I have been told time and time again that the Government’s assertion that Aboriginal/Torres Strait Islander people were appropriately, transparently and comprehensively consulted about the Voice is not only untrue, but that it betrays a lack of understanding of basic cultural Lore. There are over 300 Aboriginal and Torres Strait Islander nations on this land. Under cultural Lore no one Nation, or ‘Voice’, could ever speak on behalf of the 300+ Nations that cover this continent. It completely abdicates the ancient song lines which bind certain Nations together and keeps others entirely separate. It is a violation of those song lines and of that Lore. Will the Government claim that by consulting with the Voice that they are taking into account the views of Aboriginal and Torres Strait Islander people? How is that even possible, given that Aboriginal and Torres Strait Islander people do not operate within a hierarchical top-down authoritative structure? Are we seeking to force a particular model of Governance which we are used to onto a people who operate on an entirely different 'governmental' and cultural framework? Even if well intentioned, is that actually going to have a positive impact, given it fundamentally misunderstands the ancient systems and Lore of the people it is purporting to help? Besides all of that, I am told time and time again that the ‘consultation’ the Government refers to was selective based on Government relationships and interests. I cannot confirm that, but I must say it does not surprise me.

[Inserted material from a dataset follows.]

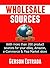 Wholesale Sources by Gerson Estrada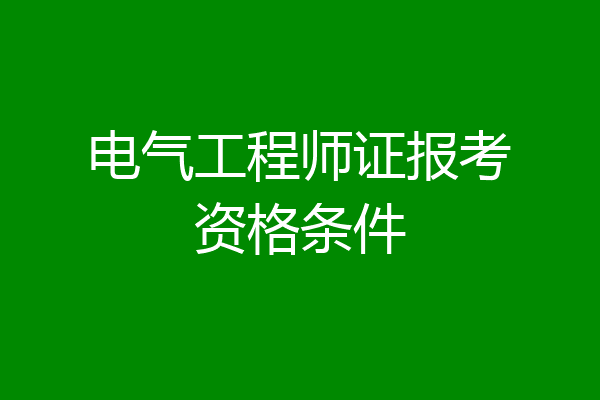 电气工程师证报考资格条件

Agreeing to the Voice, many Elders have told me, is a contract they do not want to enter. They do not need to ask the majority non-indigenous Australian population for a Voice in Parliament – they have (and have always had) their own voice and voices. So far Australia does not listen. That doesn’t mean their voice isn’t there, and that doesn’t take away its Ancient and Truthful authority.
I must say, I am reluctant to criticise the Voice, or to comment on it at all. I would not be doing so if I had not been told by an Elder I respect greatly that I “have to”. I also have to vote, like everybody else. I understand that there are many Aboriginal and Torres Strait Islander people who support the Voice. Their opinion matters more than mine. Based on my experiences in the past year or so, I am concerned that many other Elders have simply not been consulted and/or are not being listened to.
I am also generally sceptical of this Government particularly in relation to Aboriginal and Torres Strait Islander people. They have been no friend to them in the past.
In the end, we are all bound by the Lore of this Land, whether we like it or not. Under that Lore, the ‘government’ of Aboriginal and Torres Strait Islander people is entirely a matter for them, not for us.
I do not want to make any decision that purports to regulate or assert authority over the lives and customs of Aboriginal and Torres Strait Islander people, and, if you're not Aboriginal or Torres Strait Islander, nor should you.